External data is data that resides outside of Excel in a file, database, server, or Web site. You can import external data into Excel either directly into a PivotTable or into a worksheet for additional types of data analysis.
A vast amount of data exists in the world, and most of it resides in some kind of nonworkbook format. Some data exists in simple text files, perhaps as comma-separated lists of items. Other data resides in tables, either in Word documents or, more likely, in Access databases. There is also an increasing amount of data that resides in Web pages and in XML files.
By definition, all this data is not directly available to you via Excel. However, Excel offers a number of tools that enable you to import external data into the program. Depending on your needs and on the type of data, you can either import the data directly into a PivotTable report, or you can store the data on a worksheet and then build your PivotTable from the resulting worksheet range. In most cases, Excel also enables you to refresh the data so that you are always working with the most up-to-date version of the data.
Excel can access a wide variety of external data types. However, in this appendix you only learn about six of them: data source files, Access tables, Word tables, text files, Web pages, and XML files.
In Appendix B, you learned about ODBC data sources, which give you access to data residing in databases such as Access or dBase or on servers such as SQL Server and Oracle; see the Appendix B section "Understanding Microsoft Query." However, there are many other data source types, including data connection files — which connect to specific objects in a data source, such as an Access table — Web queries, OLAP cubes, query files — saved via Microsoft Query; see Appendix B — Web-based data retrieval services, and XML files. See also the next task, "Import Data from a Data Source."
Microsoft Access is the Office suite's relational database management system, so it is often used to store and manage the bulk of the data used by a person, team, department, or company. You can connect to Access tables either via Microsoft Query or by importing table data directly into Excel. See the task "Import Data from an Access Table," later in this appendix.
Simple nuggets of nonrelational data are often stored in a table embedded in a Word document. You can only perform so much analysis on that data within Word, so it is often useful to import the data from the Word table into an Excel worksheet. See the task "Import Data from a Word Table," later in this appendix.
Text files often contain useful data. If that data is formatted properly — for example, each line has the same number of items, all separated by spaces, commas, or tabs — then it is possible to import that data into Excel for further analysis. See the task "Import Data from a Text File," later in this appendix.
People and companies are storing useful data on Web pages that reside either on the Internet or the company's intranet. This data is often a combination of text and tables, but you cannot analyze Web-based data in any meaningful way in your Web browser. Fortunately, Excel enables you to create a Web query that lets you import text and/or tables from a Web page. See the task "Import Data from a Web Page," later in this appendix.
XML — eXtensible Markup Language — is redefining how data is stored. This is reflected in the large number of tools that Excel now has for dealing with XML data, particularly tools for importing XML data into Excel. See the task "Import Data from an XML File," later in this appendix.
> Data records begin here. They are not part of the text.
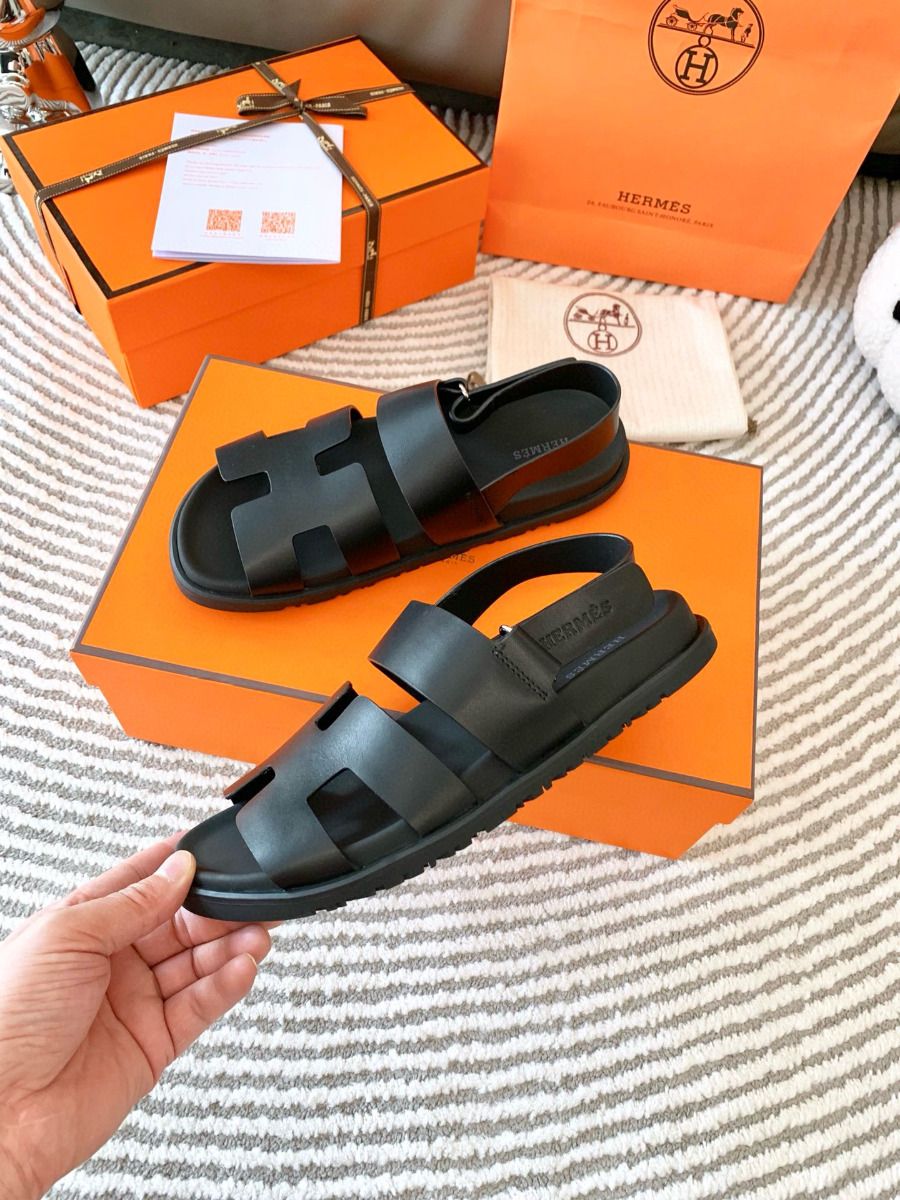 Hermes Men's Genius Sandals In Black Calfskin - Image 7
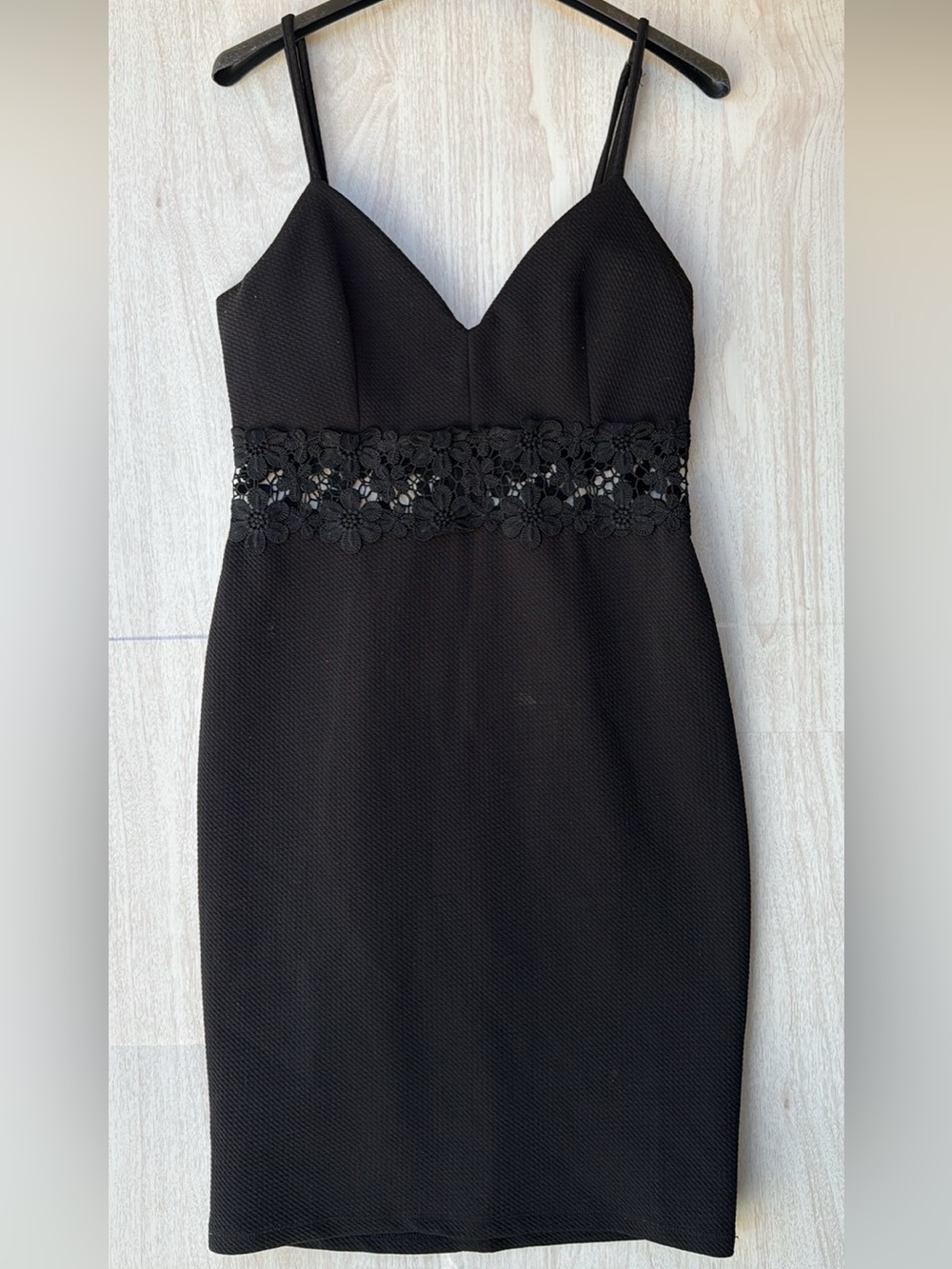 iris Black Spaghetti-Strap Mini Dress with Lace Waist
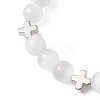 Natural Selenite Beads Stretch Bracelets BJEW-JB13212-3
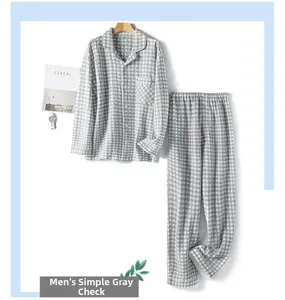 Detailed view of men's grey plaid cotton pajama set with classic collar and front pocket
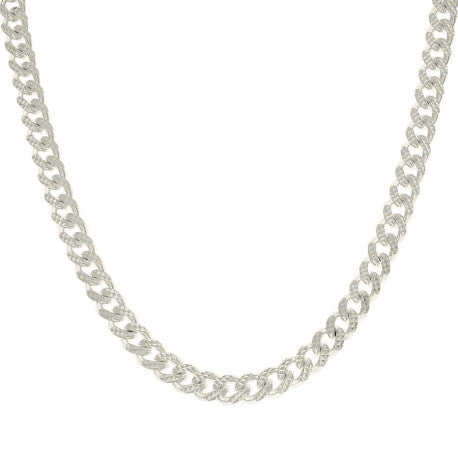 925 Sterling Silver Solid Miami Cuban Pyramid Chain Silver 250 8.4mm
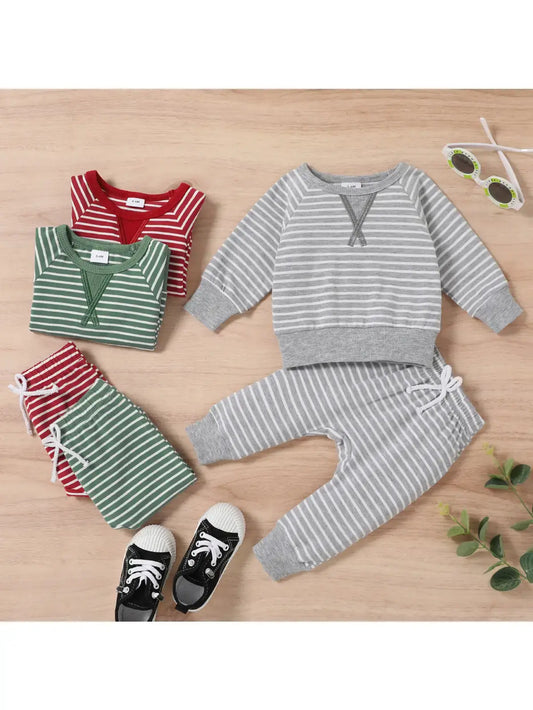 2pcs Baby 95% Cotton Long-sleeve Pullover Sets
To use external data, you must have access to it. This usually means knowing at least one of the following: the location of the data or the login information required to authorize your use of the data.
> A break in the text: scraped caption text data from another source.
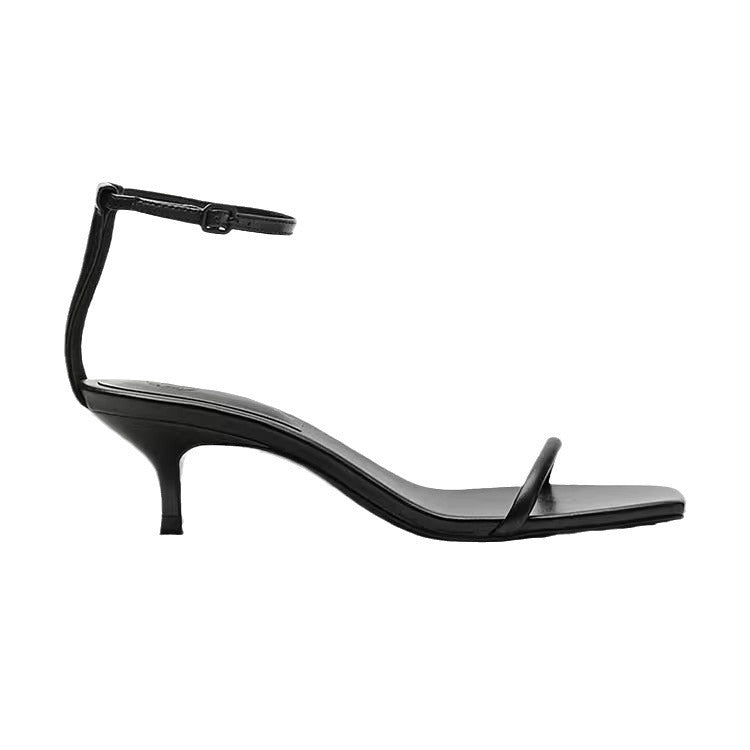 Women's Buckle Fashion Summer Stiletto Square Toe Open Genuine Fairy Sandals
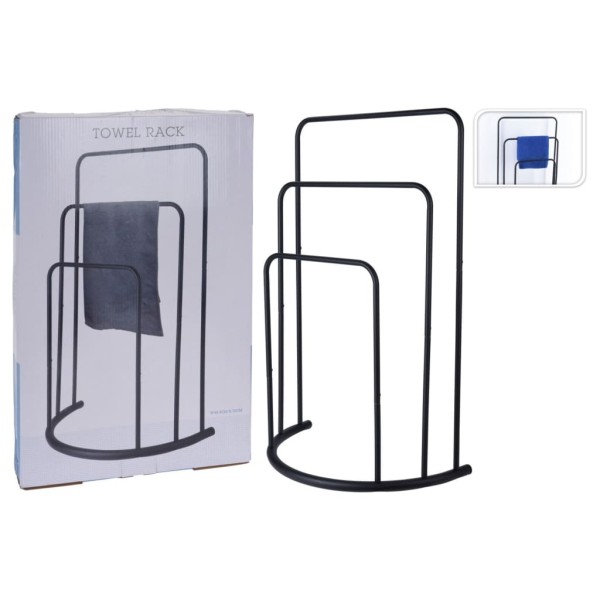 Bathroom Solutions Toallero de pie de metal negro 49,5x75 cm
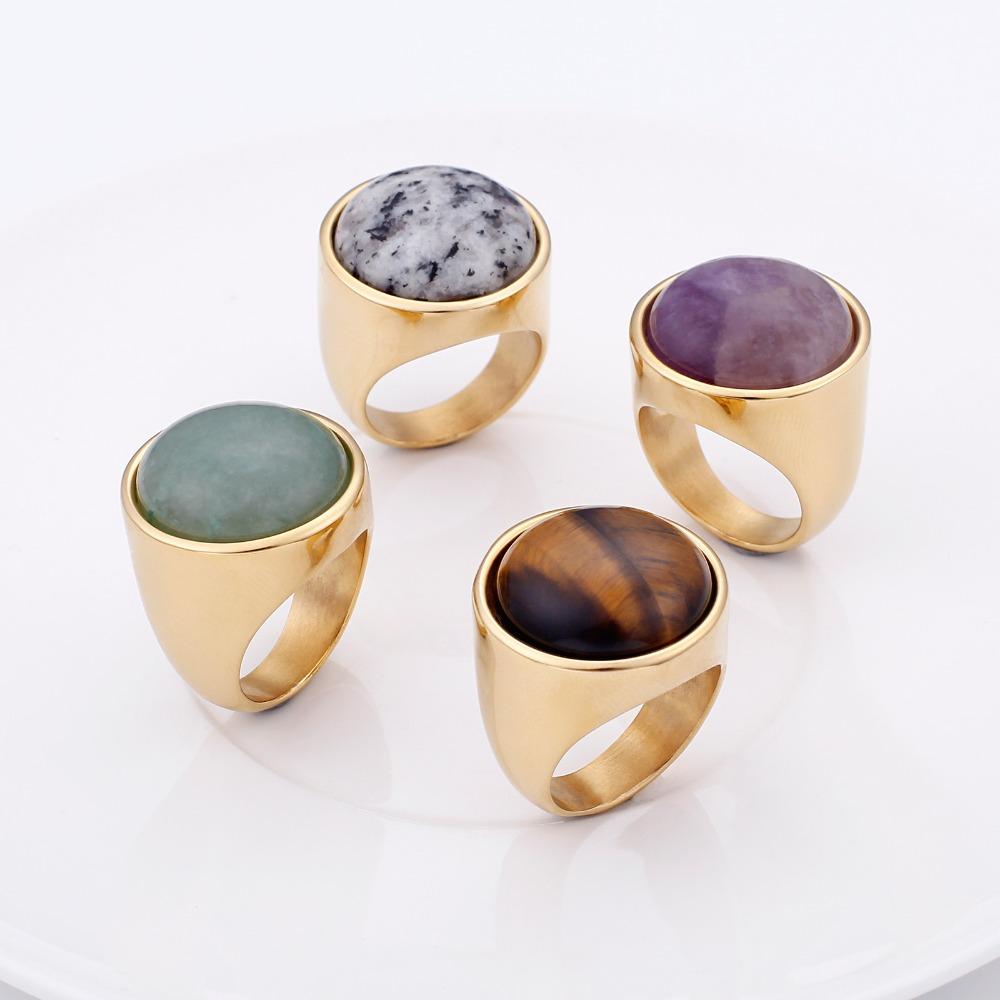 Rossny Crystal Rings Lady Marble Color Stone Rings Women Size 6-9 Antique Silver & Gold Wedding Rings Party Jewelry-Rings-Rossny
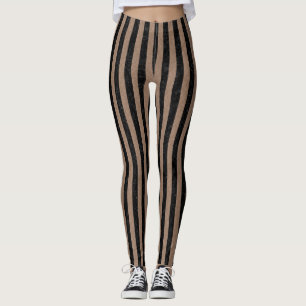 MARMOR FÖR SVART STRIPES1 & BRUNTFÄRGPENNA LEGGINGS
By definition, external data resides somewhere other than in an Excel worksheet on your system. Therefore, to access external data, you must at least know where it is located. Here are some of the possibilities:
On your computer — The data may reside in a file in your hard disk, on a CD or DVD disc, or on a memory card or other removable storage medium.
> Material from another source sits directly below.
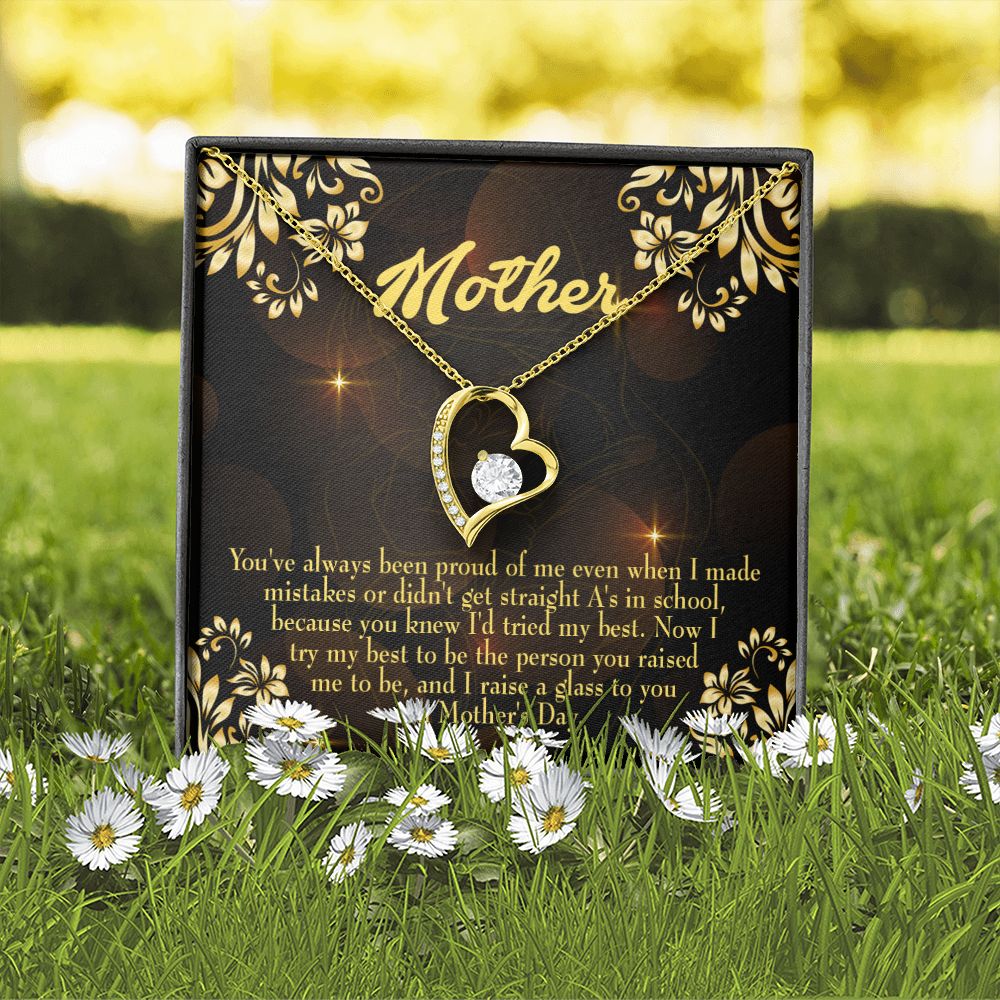 To Mom Love and Nortured Forever Necklace w Message Card-Express Your Love Gifts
On your network — The data may reside in a folder on a computer that is part of your local or wide area network. If that folder has been shared with the network, and if you have the appropriate permissions to view files in that folder, then you can access the data within the files.
On a server — Some data is part of a large, server-based database management system, such as SQL Server or Oracle. In this case, you need to know the name or network address of the server.
On a Web page — If the data resides on a Web page, either as text or as a table, you need to know the address of the Web page.
On a Web server — Some data resides on special Web servers that run data retrieval services such as Windows SharePoint Services. In this case, you need to know the address of the server and the location of the data on that server.
Knowing where the data is located is probably all that is required if you are dealing with a local file or database or, usually, a Web page. However, after you start accessing data remotely — on a network, database server, or Web server — authorization will usually also be required to secure that access. See the administrator of the resource to obtain a username or login ID as well as a password.
After you have access to the data, your next step is to import it into Excel for analysis and manipulation. You have two choices:
If you are building a PivotTable using the external data as the source, then in most cases Excel enables you to import the data directly into a PivotTable. The advantage here is that Excel does not have to store two copies of the data: one on a worksheet and another in the pivot cache. The disadvantage is that you can only analyze the data using the PivotTable report. Other types of data analysis that require direct access to worksheet data are not possible.
In all cases, you can also import the data directly into an Excel worksheet. Depending on the amount of data, this can make your worksheet quite large. However, having direct access to the data gives you maximum flexibility when it comes to analyzing the data. Not only can you create a PivotTable from the worksheet data, but you can also use Excel with other data analysis tools: lists, database functions, scenarios, and what-if analysis.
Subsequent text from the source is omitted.